BRASIL, UM PAÍS DE HAMBÚRGUERES E DOMINGOS DE SOFÁ
O Brasil moderno tem seus rituais. Já não se reza antes das refeições, mas se rastreia o entregador em tempo real. A missa de domingo foi substituída pela fé no aplicativo e, em vez de hóstias, consomem-se hambúrgueres. Milhões deles. Literalmente.
De acordo com dados recentes do iFood – essa entidade que nos alimenta enquanto suga nossa espontaneidade culinária – o hambúrguer é, pelo quinto ano consecutivo, o campeão nacional de pedidos na categoria Restaurante. Quase 250 milhões de unidades foram entregues em 2024. São 475 hambúrgueres por minuto. Que apetite voraz, que fome de gordura!
Domingo, dia nacional da inércia, lidera o ranking do consumo. Coincidência? Claro que não. O brasileiro médio, espremido entre o cansaço e a geladeira vazia, encontrou no hambúrguer o santo graal da indulgência moderna: chega rápido, mastiga fácil e, com sorte, vem com batata frita.

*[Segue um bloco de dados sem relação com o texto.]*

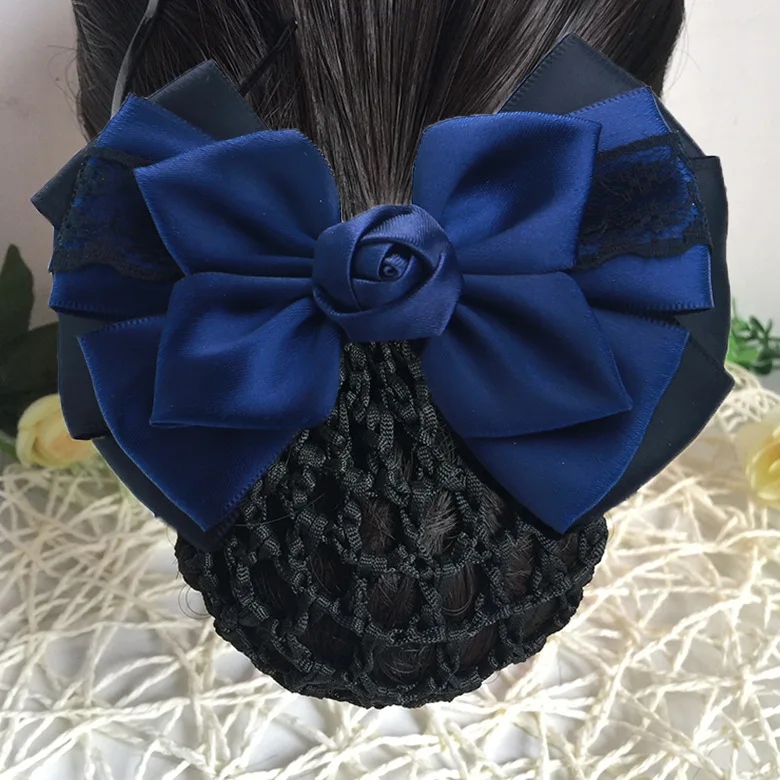 i-Remiel Stylish Ribbon Hair Cover Flower Bowknot Bun Net Snood Bow Hairpin Accesories Headdress Pin Lady Women | Украшения и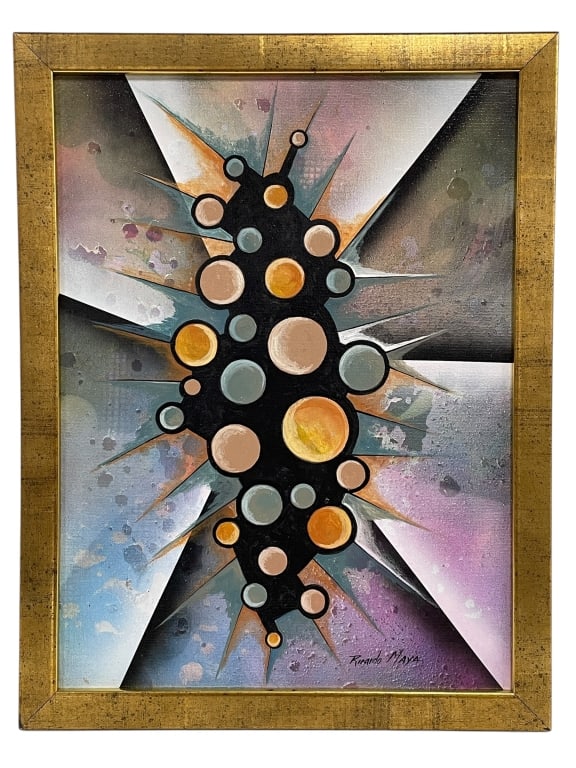 RICARDO MAYA ORIGINAL PAINTING: RICARDO MAYA ORIGINAL PAINTING | RICARDO MAYA ORIGINAL ABSTRACT PAINTING – STRIKING MIXED-MEDIA WORK FEATURING A CENTRAL BLACK ORGANIC FORM STUDDED WITH COLORFUL SPHERES, SET AGAINST A DRAMATIC BACK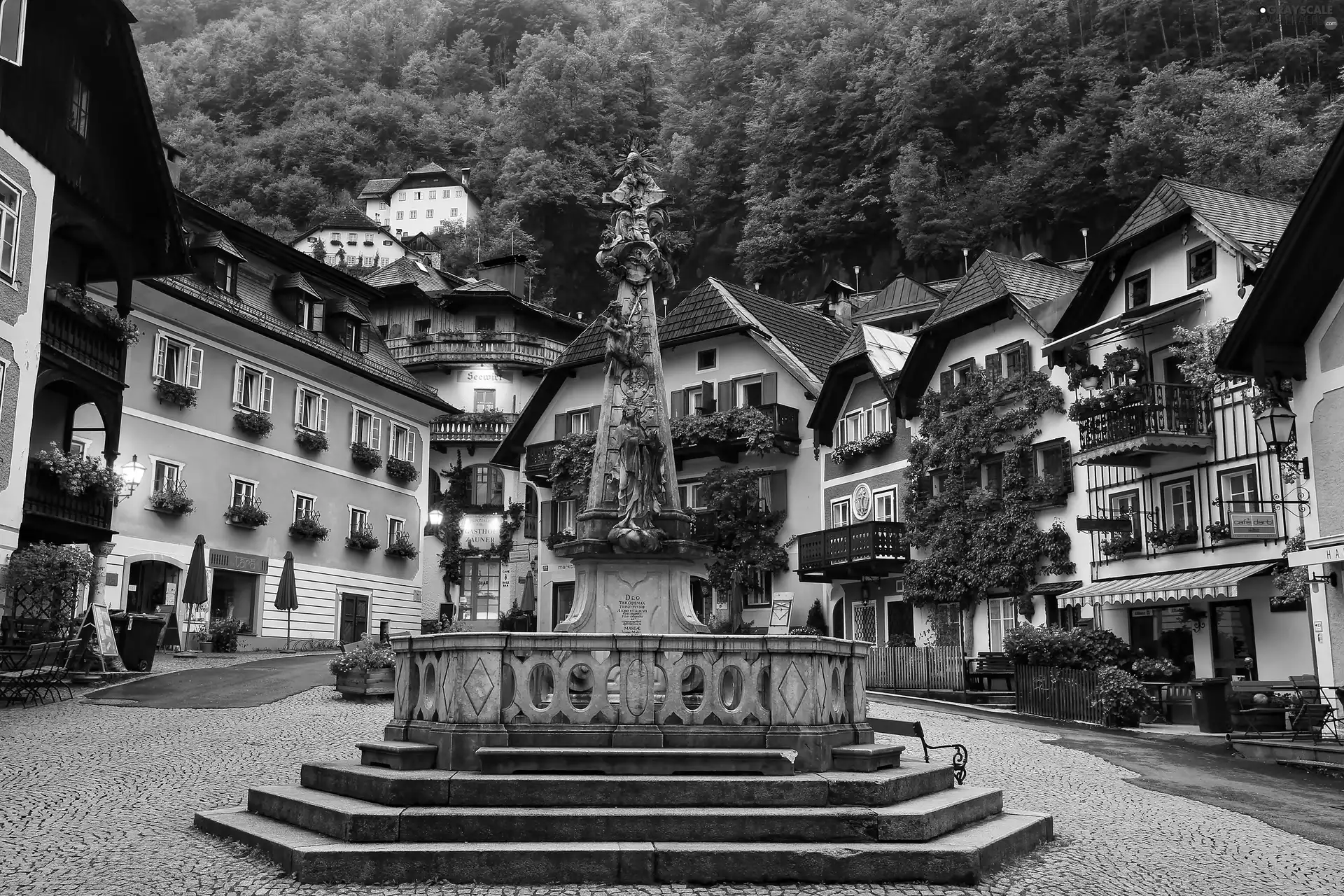 Houses, Hallstatt, Austria, Monument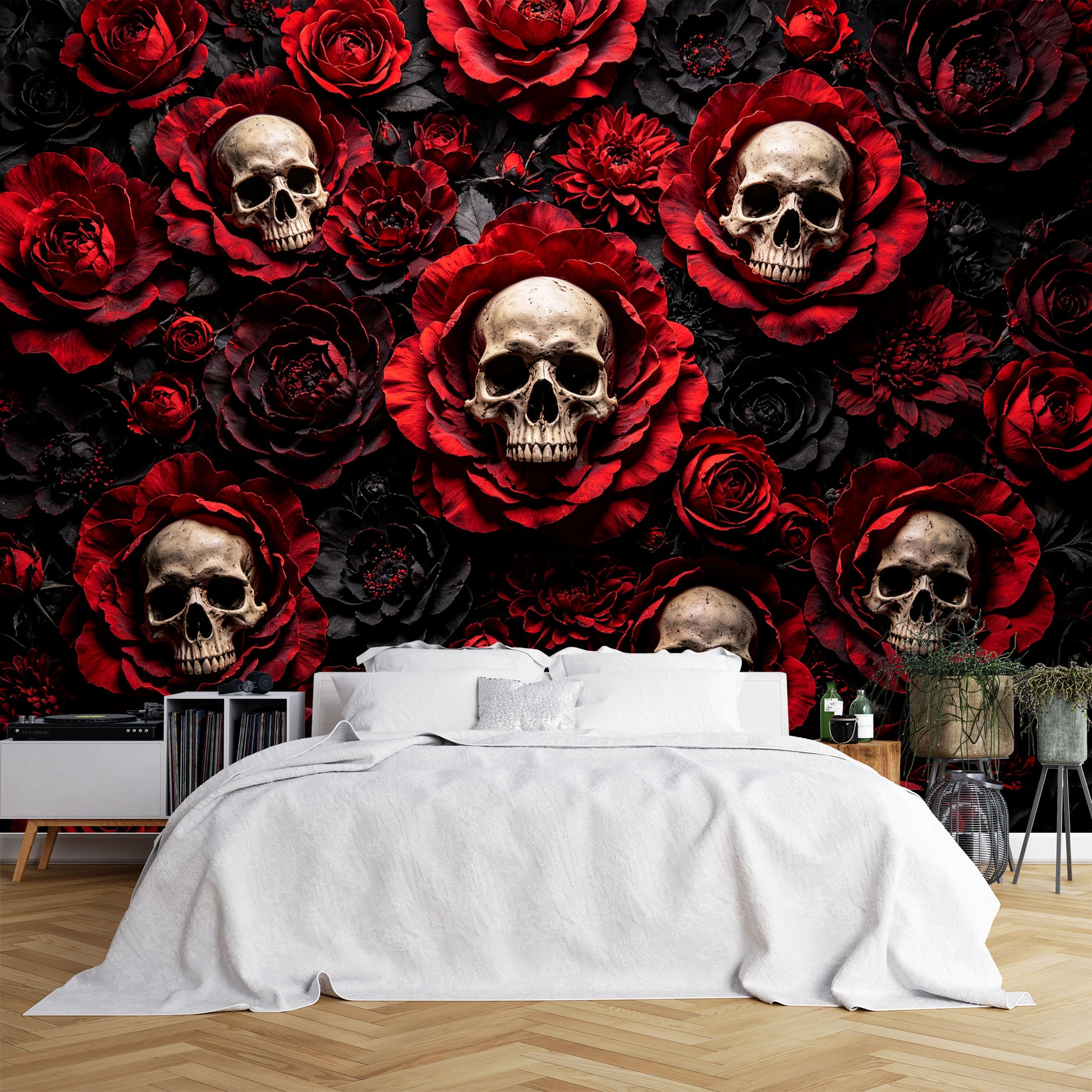 Lcythiazole Ch260615107 Custom Size Wall Murals Red Rose Skull Gothic Floral Art Wall Murals Hd Dark Wallpaper Wall Stickers Self-Adhesive Removable Wallpaper For Bar Living Room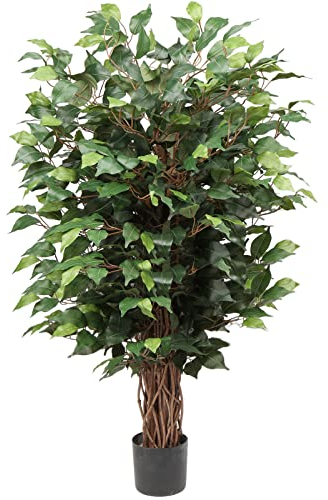 Hollyone Ficus Benjamini konstväxt, konstgjorda växter stor, konstträd 91 cm högt med 546 blad, perfekt för matrummet och entrédekoration och inredning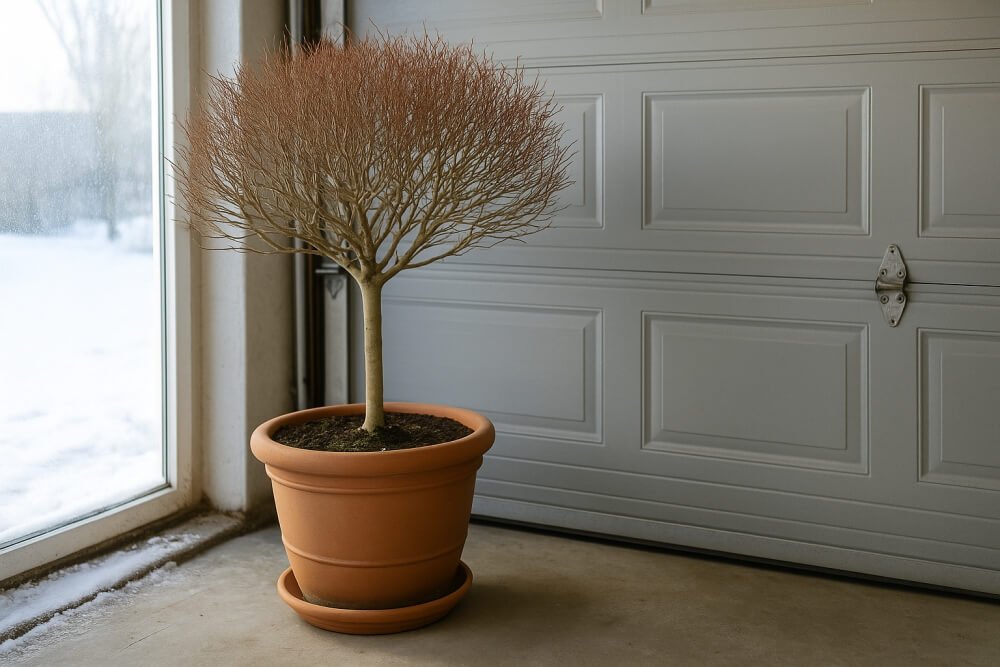 wierzba hakuro zimą w jasnym garażu 
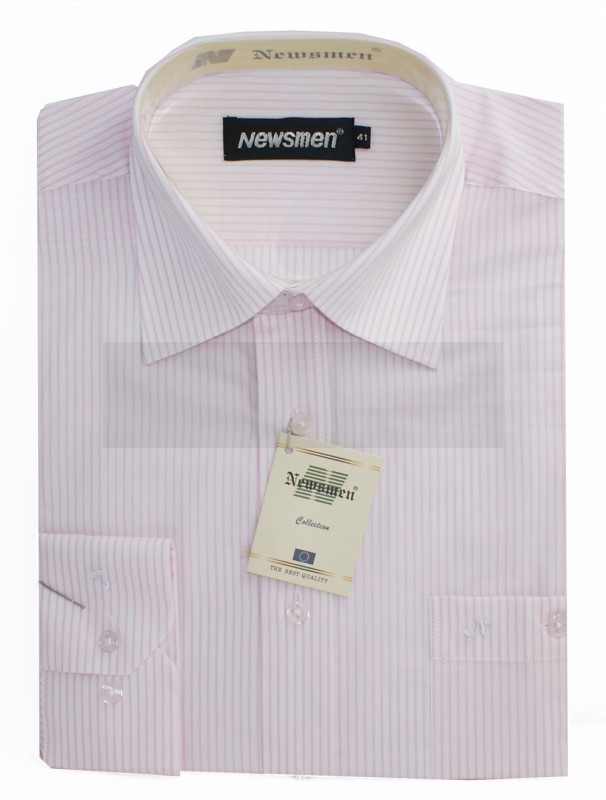  Newsmen 100% Baumwolle Langarmhemd - Hellrosa gestreift Gemusterte Hemden
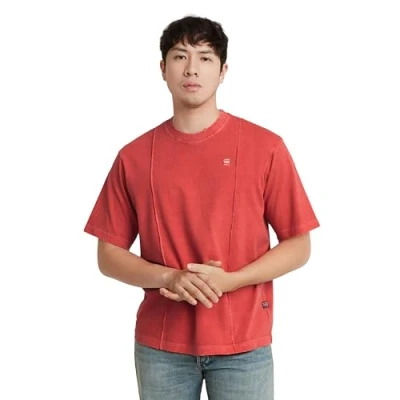 Image of G STAR RAW Men&#039;s Overdyed Destroyed Boxy R T Shirt, Pink (Finch Gd D24631 c756 g386), M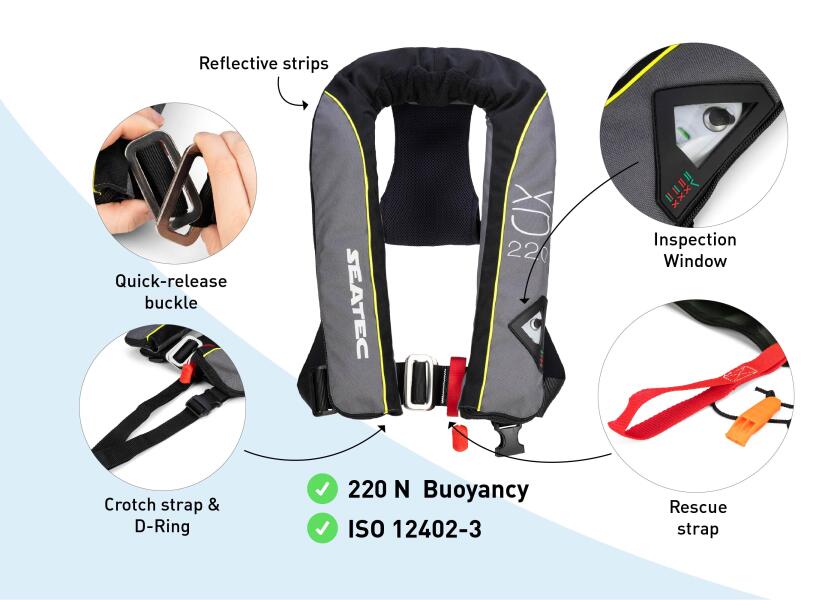 Купить SEATEC 27207 XD 220 Спасательный жилет / антрацитовый / со страховочным тросом 7ft.ru в интернет магазине Семь Футов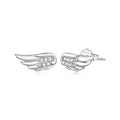925 Sterling Silver White Gold Plated CZ Pavé Set 0.4x0.9 cm Earrings for Women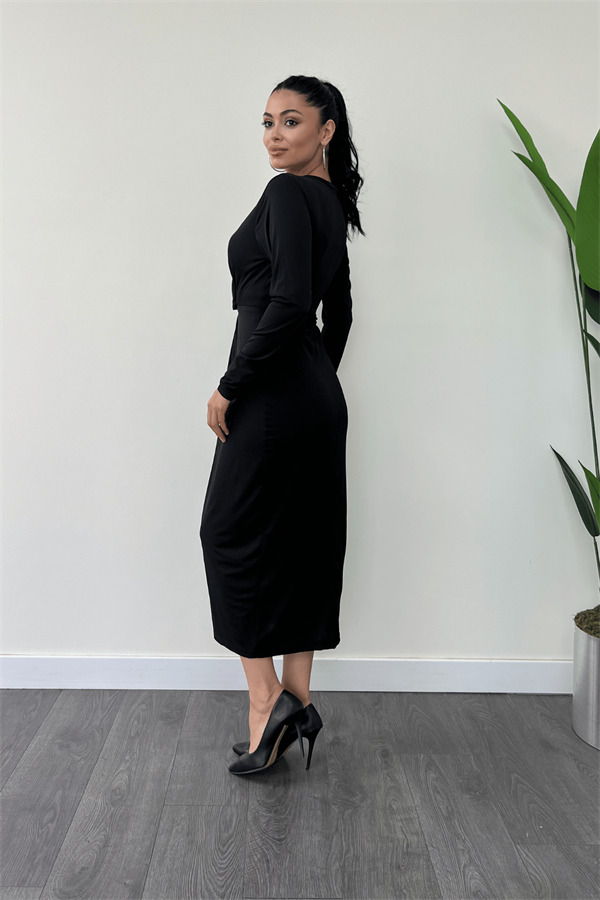 Jarse Kumaş Tasarım Kalem Elbise - SİYAH - 5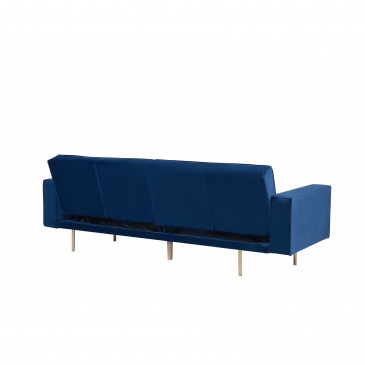 Sofa rozkładana welurowa niebieska VISNES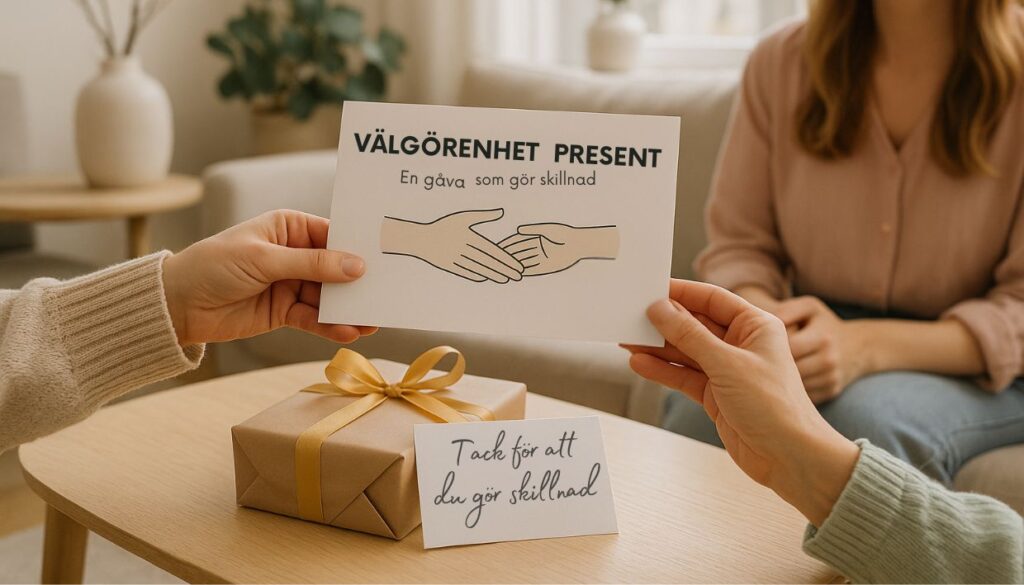 Ge bort välgörenhet som present med ett gåvobevis.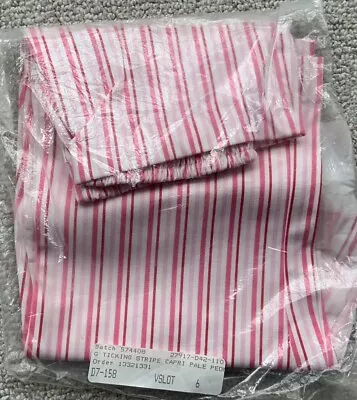 Nwt Hanna Andersson Pink Peony Ticking Stripes Capri Pants size 110 US 5 - Image 1 of 4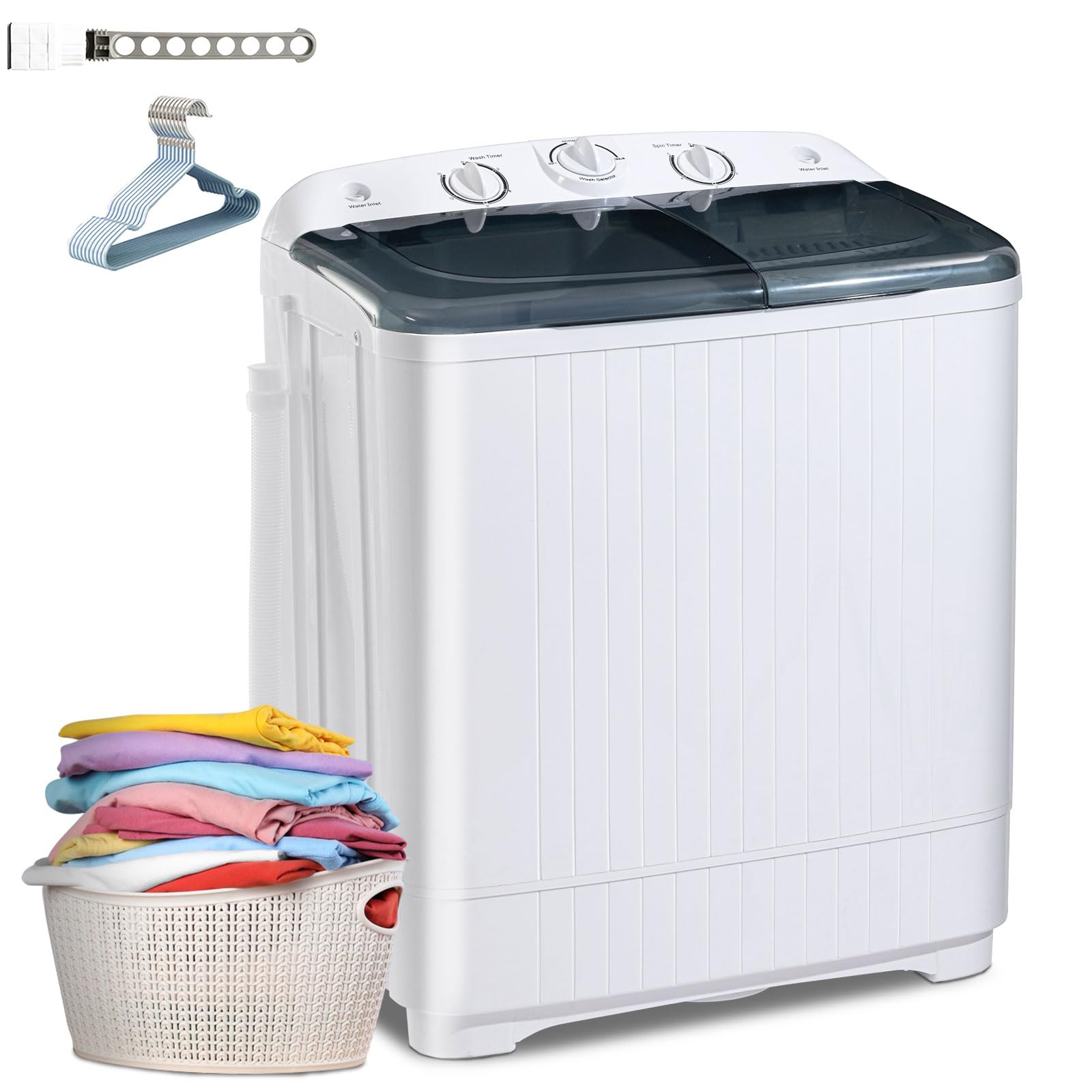 Portable Twin Tub 18lbs Washing Machine with Drying Rack and 10 Hangers, 11lbs Washer Mini Compact Laundry Machine with 7lbs Spinner, Semi-automatic Washer Combo for Dorms, Apartment
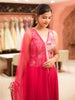 Queen Pink Floral Embroidered Georgette Palazzo Suit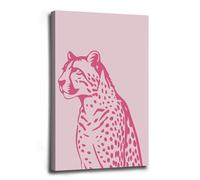 Pink Cheetah Leopard Wall Art - Preppy Room Decor, Minimalist & Bohemian Style, Modern Home Decor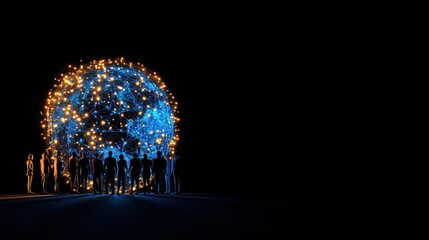 Silhouettes facing a glowing digital network globe.
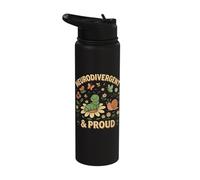 Neurodivergent Proud Caterpillar Snail Butterfly Stainless Steel Insulated Water Bottle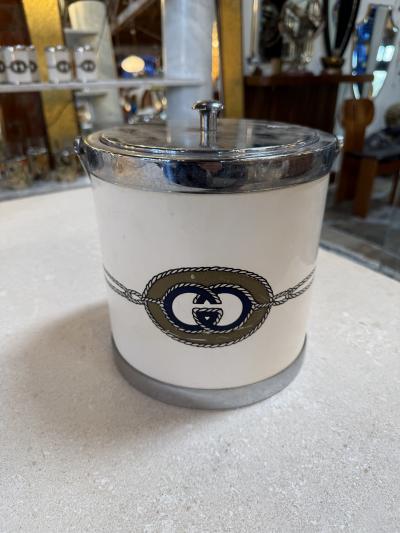 Vintage Gucci Ice Bucket and Glass Set With Logo Italy 1970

Mas o fenômeno vai além do delivery tradicional. O iFood também aponta que os pedidos de hambúrguer congelado saltaram 238% no primeiro quadrimestre de 2025. Sim, a classe média cansou até de esperar o motoboy. Agora, ela mesma grelha o disco de carne — entre uma reunião no Zoom e uma live sobre autocuidado. Comer virou um exercício de conveniência e culpa com gosto de cheddar.
A diretora de marketing do iFood, em tom quase poético, descreve o hambúrguer contemporâneo como uma entidade plural: “vegano, vegetariano, low carb, de camarão, salmão, sushi, picanha, cordeiro e até linguiça”. Está tudo aí, menos o bom senso. A democratização do hambúrguer reflete menos diversidade alimentar do que uma compulsiva vontade de reinventar a roda — ou melhor, o pão com carne.
No fundo, o que temos é uma epidemia de comodidade padronizada. A explosão de hambúrgueres não representa apenas o sucesso de uma receita americana tropicalizada, mas a falência de qualquer impulso criativo à mesa. Desaprendemos a cozinhar, a improvisar, a comer com tempo. Vivemos entre telas e entregas, terceirizando até o ato de alimentar-se.
O hambúrguer tornou-se o símbolo de um país que desaprendeu a comer com prazer e começou a comer para preencher silêncios. Silêncios de domingo, de solidão, de tédio. Em vez de reunir a família, abrimos aplicativos. Em vez de panela, fritura pré-fabricada. Em vez de memória afetiva, ketchup industrializado.
E assim seguimos, entregues — no duplo sentido da palavra — a um modo de vida onde o máximo de liberdade está em escolher entre cheddar duplo ou maionese verde. Uma revolução alimentada por algoritmos. E com gosto de carne processada.